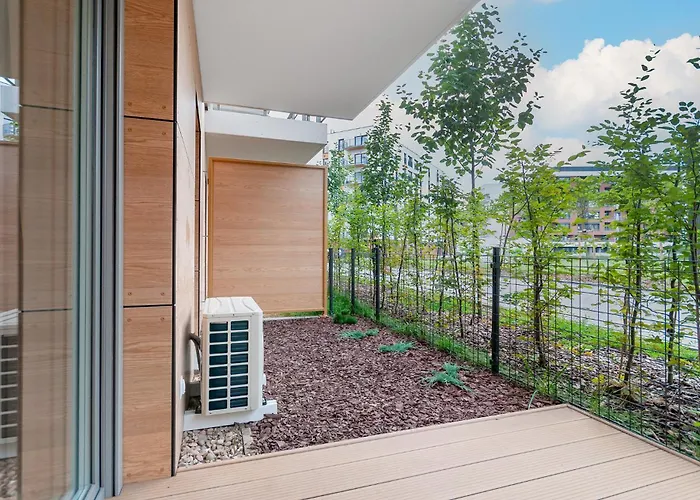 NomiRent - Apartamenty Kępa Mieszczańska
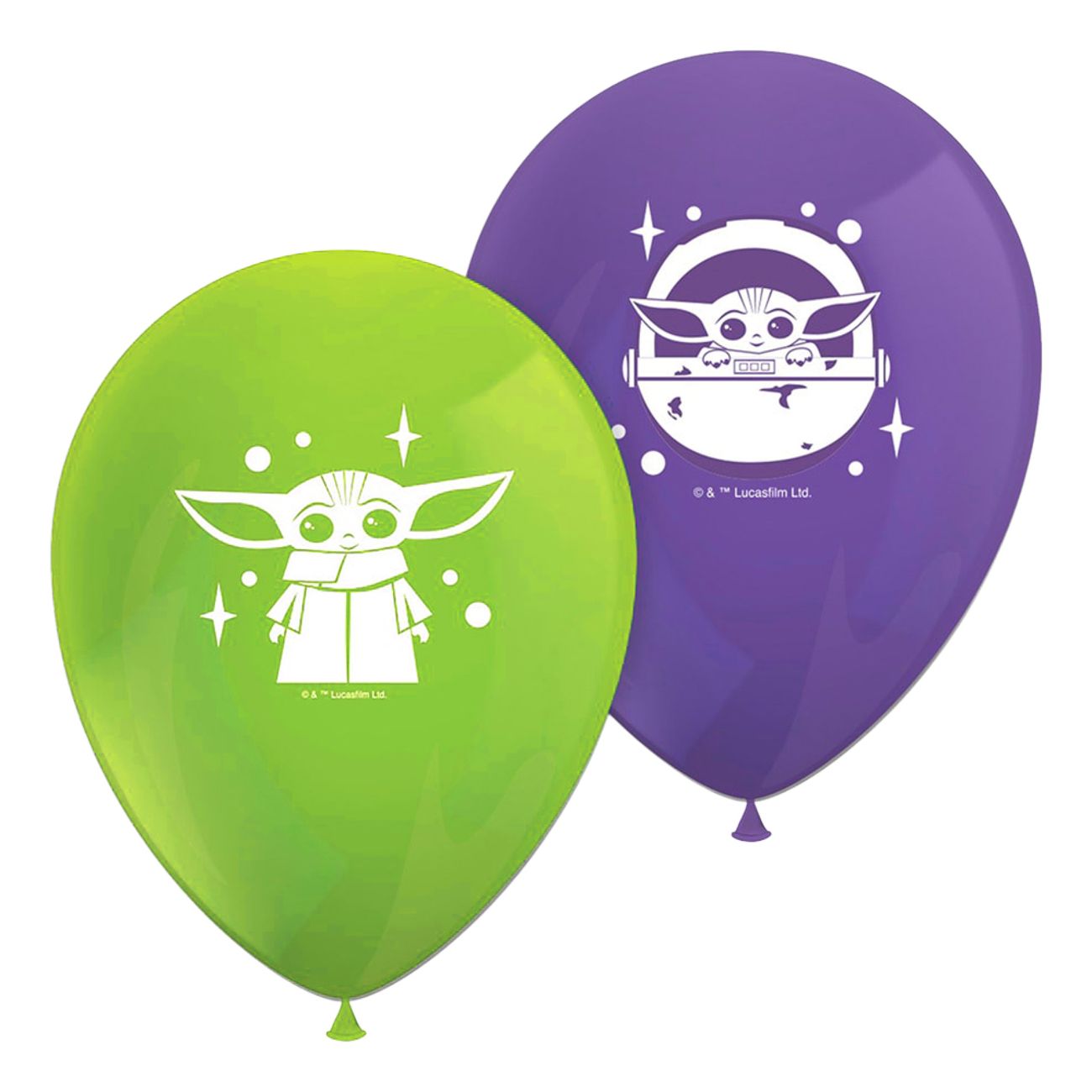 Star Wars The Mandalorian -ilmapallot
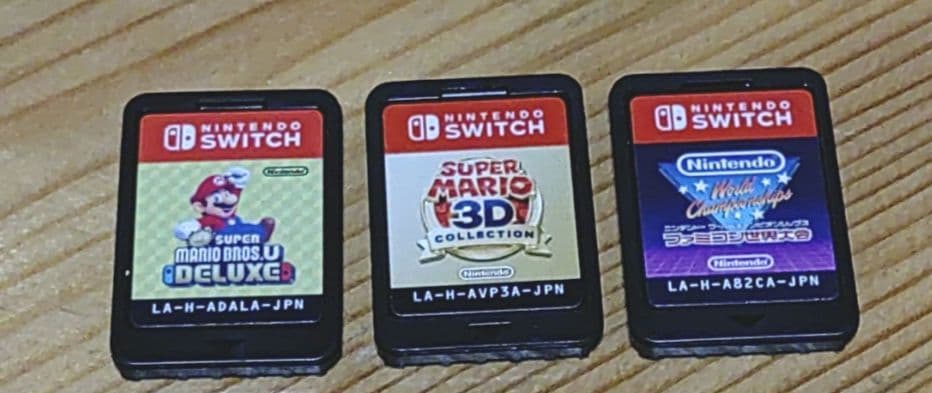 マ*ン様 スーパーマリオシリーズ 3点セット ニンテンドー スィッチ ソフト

**********

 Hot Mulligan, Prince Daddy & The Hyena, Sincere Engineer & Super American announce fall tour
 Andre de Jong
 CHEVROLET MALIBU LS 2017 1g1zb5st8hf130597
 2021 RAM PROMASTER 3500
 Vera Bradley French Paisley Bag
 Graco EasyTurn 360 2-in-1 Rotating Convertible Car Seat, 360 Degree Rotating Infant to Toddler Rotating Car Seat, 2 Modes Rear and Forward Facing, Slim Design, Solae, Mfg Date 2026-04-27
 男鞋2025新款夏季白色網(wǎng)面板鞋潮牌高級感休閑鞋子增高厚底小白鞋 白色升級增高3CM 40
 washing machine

**********

■ **WHAT IS BEING ASKED**
Copy out the lines above from the line containing "NomiRent - Apartamenty Kępa Mieszczańska" through the line containing "マ*ン様 スーパーマリオシリーズ 3点セット ニンテンドー スィッチ ソフト", exactly, and keep the pictures out.

■ **RESPONSE AREA**
 NomiRent - Apartamenty Kępa Mieszczańska
 Star Wars The Mandalorian -ilmapallot
 マ*ン様 スーパーマリオシリーズ 3点セット ニンテンドー スィッチ ソフト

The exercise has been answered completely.